Concernant les études de Linette: " Vos études sont utiles, très utile mais elle ne sont pas, elles-mêmes, un but. Ce que vous cherchez c'est vous."
"Travaillez, mais travaillez en poète. Ne vous dites jamais : la poésie est un don, qui me sera peut-être refusé."Quand un texte vous émeut, souvenez-vous de cette révélation, faites-en un sens pour adhérer à tout ce qui vous touche. "

Hans Bellmer (1902-1975) peintre, sculpteur et graveur surréaliste.
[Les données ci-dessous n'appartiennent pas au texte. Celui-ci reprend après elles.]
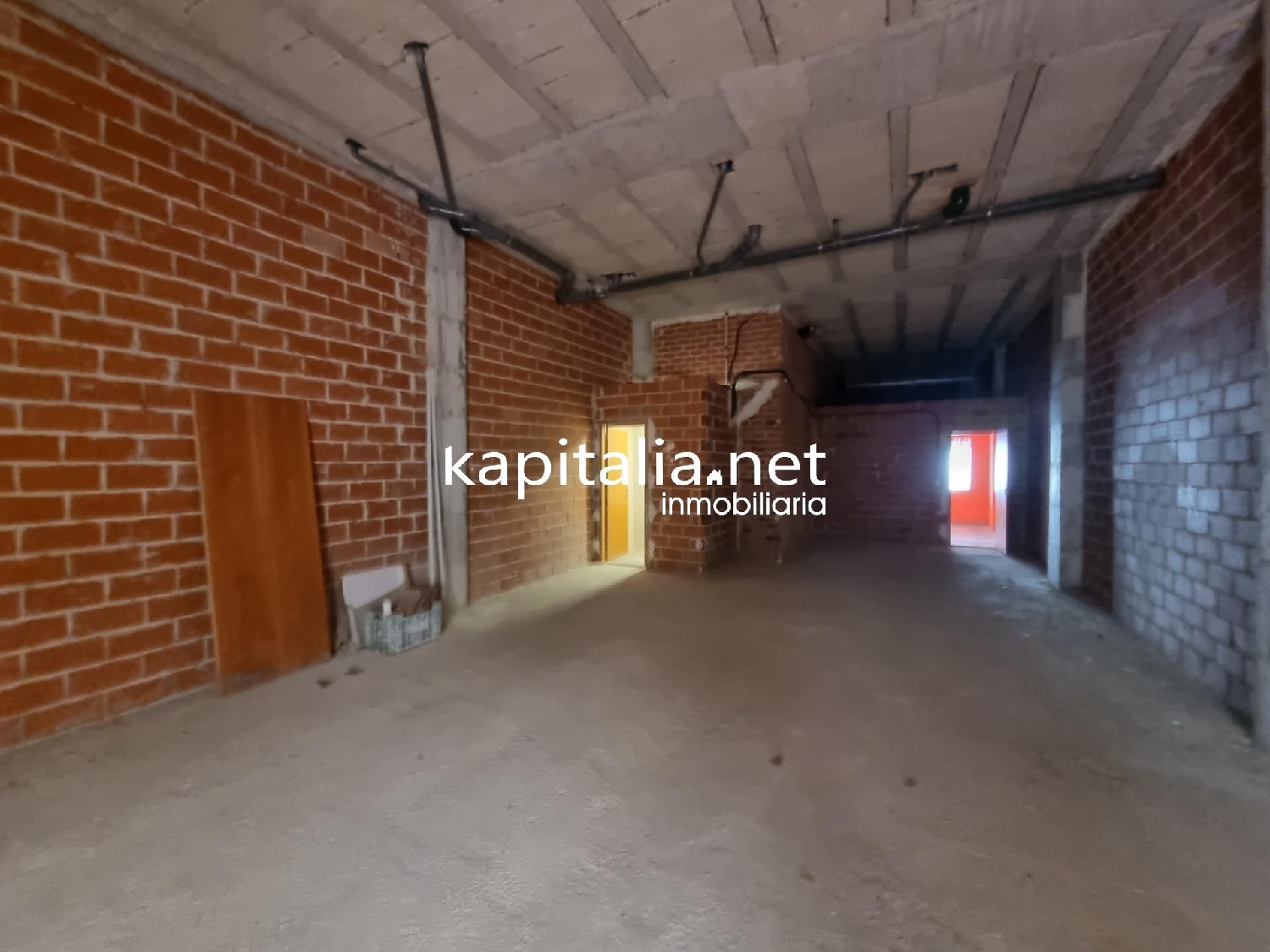  till salu lokal Urbanitzacio El Pilar Vall D'albaida 4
Il est connu pour les fameuses poupées. Il est allemand, il quitte Allemagne nazie en 1934. Durant l'occupation, il se réfugie en France dans le Sud-Ouest, c'est comme cela qu'il fit la connaissance de Joë Bousquet et il fit son célèbre portrait. " Vous avez bien vu ma chambre. Hans Bellmer, le Sauvage le terrible, plein d'un vrai génie, mais très limité par un matérialisme forcené. Condamné à n'illustrer que des livres défendus (à cause de leur obscénité qui dépasse l'imagination et touche à la folie parce que l'amour en est absent), menant une vie très étrange et dangereuse, surréaliste cent pour cent, " À travers cette correspondance ouverte car ne nous avons pas les réponse de la jeune Linette. Nous avons un portrait de Joë Bousquet donc le faite d'être handicapé, il ne peut plus avoir de rapports sexuels l'évasion érotique il le doit à l'opium (soulagement et rêverie). Donc, il se sent à la fois homme, femme ambiguïté. "L'être est androgyne à l'origine. Chacun de nous n'existe qu'en image, je ne suis qu'une apparence, revêtant une nuit pourpre où bat mon cœur". "je sens souvent comme une femme." Il écrivait surtout la nuit, importance de la nuit dans son œuvre : " Cela , en toute réalité, je le découvre. Sûr, sûr, sûr que nous sommes l'œuvre d'une nuit dont la nuit extérieur n'est que l'image, d'une nuit vivante." La nuit est le moment propice pour les rencontres improbables avec Linette. " Toute la nuit, de dix heures trente à l'aube, ma chambre flotte, comme une péniche, sur des eaux libres ; sauf passage de quelque auteur ou peintre, mais toujours annoncé à l'avance. "
Il écrit ses lettres poétiques sont divines.  Joë Bousquet est un écrivain, un poète à lire à découvrir tellement son style est délicat !!!!
Merci à la générosité de son fils d'avoir transmis ces lettres de toutes beautés, c'est magnifique. J'aime beaucoup cette réflexion autour de l'image : "Tout n'est qu'images et nous sommes des images et mourons quand nous ne sommes que des images de nous-mêmes."